Supplied information section start

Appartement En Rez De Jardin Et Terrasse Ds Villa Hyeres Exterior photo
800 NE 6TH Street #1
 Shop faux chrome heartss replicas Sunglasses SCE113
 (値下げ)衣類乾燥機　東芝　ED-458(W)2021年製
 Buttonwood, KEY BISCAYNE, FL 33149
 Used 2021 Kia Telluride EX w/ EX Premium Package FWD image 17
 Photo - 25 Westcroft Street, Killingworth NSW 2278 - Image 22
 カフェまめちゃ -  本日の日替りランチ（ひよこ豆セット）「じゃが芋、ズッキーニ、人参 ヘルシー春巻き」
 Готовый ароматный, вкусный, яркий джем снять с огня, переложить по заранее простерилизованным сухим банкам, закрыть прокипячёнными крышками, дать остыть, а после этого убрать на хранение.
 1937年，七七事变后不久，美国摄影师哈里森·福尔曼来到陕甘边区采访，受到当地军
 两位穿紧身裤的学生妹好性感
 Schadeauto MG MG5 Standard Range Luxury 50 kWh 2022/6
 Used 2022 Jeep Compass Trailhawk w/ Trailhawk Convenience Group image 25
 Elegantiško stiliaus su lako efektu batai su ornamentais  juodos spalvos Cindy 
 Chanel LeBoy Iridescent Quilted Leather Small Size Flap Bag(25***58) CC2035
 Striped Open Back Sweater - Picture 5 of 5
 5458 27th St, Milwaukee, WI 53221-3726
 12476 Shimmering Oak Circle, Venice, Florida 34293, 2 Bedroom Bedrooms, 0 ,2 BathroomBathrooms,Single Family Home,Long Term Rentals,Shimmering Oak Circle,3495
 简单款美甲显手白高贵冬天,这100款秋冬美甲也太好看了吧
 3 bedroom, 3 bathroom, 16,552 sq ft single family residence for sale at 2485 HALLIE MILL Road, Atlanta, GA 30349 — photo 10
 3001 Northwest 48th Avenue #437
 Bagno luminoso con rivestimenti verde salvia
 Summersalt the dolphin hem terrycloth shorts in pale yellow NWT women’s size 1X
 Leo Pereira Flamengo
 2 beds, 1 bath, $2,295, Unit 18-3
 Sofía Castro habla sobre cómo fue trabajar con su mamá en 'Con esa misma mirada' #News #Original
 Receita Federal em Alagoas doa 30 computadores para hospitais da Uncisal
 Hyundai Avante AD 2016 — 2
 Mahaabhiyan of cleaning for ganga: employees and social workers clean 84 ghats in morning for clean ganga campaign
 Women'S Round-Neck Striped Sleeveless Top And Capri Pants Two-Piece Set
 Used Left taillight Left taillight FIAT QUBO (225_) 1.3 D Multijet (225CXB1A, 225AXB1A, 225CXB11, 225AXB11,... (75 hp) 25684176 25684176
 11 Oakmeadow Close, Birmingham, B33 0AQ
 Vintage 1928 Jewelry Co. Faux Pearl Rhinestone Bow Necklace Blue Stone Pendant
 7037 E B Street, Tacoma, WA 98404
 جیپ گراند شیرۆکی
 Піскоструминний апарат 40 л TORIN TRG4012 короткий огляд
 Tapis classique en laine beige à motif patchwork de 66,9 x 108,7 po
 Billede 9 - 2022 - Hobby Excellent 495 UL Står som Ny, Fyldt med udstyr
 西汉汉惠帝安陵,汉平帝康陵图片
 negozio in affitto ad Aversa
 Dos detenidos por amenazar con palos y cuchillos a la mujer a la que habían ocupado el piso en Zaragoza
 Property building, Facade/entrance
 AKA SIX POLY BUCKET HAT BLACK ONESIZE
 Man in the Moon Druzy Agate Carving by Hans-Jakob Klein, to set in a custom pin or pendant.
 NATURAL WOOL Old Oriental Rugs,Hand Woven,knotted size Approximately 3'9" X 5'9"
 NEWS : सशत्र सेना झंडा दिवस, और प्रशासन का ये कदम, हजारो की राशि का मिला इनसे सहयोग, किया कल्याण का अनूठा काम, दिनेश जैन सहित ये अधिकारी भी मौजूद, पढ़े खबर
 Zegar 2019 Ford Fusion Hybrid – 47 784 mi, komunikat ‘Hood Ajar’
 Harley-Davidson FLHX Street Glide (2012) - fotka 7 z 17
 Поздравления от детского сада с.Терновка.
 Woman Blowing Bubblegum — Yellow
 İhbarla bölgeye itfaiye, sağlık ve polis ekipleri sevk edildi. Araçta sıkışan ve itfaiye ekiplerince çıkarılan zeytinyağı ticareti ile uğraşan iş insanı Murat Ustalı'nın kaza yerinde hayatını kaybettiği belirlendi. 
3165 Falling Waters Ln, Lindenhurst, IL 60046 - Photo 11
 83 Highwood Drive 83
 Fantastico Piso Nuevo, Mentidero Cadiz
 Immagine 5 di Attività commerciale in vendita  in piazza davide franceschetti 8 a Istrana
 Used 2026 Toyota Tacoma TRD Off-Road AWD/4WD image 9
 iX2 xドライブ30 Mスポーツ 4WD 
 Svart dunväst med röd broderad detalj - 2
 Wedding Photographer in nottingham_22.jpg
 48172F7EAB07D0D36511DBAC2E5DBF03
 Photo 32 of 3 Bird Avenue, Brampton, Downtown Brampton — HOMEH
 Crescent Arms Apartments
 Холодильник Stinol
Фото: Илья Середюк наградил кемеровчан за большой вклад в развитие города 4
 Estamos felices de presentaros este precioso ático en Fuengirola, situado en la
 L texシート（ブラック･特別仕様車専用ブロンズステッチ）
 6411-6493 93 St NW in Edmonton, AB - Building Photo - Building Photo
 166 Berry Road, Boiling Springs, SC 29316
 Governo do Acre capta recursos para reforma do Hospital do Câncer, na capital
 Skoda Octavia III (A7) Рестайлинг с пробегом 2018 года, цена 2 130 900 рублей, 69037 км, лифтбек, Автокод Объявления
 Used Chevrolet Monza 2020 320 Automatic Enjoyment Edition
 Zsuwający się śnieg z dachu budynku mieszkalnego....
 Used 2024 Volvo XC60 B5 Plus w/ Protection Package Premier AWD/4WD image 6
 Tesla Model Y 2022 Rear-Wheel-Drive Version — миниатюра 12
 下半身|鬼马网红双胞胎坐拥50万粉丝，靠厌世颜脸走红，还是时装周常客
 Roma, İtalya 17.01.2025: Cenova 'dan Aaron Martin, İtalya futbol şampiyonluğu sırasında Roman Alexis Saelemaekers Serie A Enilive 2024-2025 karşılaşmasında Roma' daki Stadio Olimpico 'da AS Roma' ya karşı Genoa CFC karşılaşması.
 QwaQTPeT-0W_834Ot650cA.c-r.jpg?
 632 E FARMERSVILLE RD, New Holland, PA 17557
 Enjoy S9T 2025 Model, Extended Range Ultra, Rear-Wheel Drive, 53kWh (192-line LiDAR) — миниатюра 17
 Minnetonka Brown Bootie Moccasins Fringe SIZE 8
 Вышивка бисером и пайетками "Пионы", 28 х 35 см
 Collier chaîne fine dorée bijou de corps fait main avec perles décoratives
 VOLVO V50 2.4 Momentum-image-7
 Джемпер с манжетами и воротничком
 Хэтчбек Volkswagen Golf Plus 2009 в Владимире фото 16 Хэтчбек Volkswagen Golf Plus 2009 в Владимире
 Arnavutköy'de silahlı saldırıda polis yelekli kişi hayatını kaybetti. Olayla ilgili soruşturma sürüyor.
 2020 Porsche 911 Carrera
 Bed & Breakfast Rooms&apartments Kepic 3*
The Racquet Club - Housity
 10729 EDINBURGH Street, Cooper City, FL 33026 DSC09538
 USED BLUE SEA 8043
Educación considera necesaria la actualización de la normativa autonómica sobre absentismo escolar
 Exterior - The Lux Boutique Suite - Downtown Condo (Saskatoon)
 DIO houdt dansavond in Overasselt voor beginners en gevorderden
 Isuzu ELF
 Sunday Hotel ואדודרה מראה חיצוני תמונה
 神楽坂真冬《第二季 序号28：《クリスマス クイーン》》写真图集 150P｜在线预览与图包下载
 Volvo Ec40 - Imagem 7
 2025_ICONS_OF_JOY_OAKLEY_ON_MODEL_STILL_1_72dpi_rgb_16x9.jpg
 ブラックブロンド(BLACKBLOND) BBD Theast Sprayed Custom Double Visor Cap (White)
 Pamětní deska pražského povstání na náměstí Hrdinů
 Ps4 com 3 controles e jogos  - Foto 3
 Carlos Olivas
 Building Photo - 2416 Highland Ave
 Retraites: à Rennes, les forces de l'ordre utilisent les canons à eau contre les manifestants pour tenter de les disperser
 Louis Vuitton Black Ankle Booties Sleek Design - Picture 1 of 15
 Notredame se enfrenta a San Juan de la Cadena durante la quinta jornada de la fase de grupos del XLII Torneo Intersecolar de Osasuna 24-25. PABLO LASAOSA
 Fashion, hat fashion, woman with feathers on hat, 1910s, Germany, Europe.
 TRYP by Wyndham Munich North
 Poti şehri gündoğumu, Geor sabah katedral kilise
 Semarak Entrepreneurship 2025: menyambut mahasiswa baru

Supplied information section end

Set out every line from the material that contains the string "Avenue".

Finished task.
 3001 Northwest 48th Avenue #437
 Photo 32 of 3 Bird Avenue, Brampton, Downtown Brampton — HOMEH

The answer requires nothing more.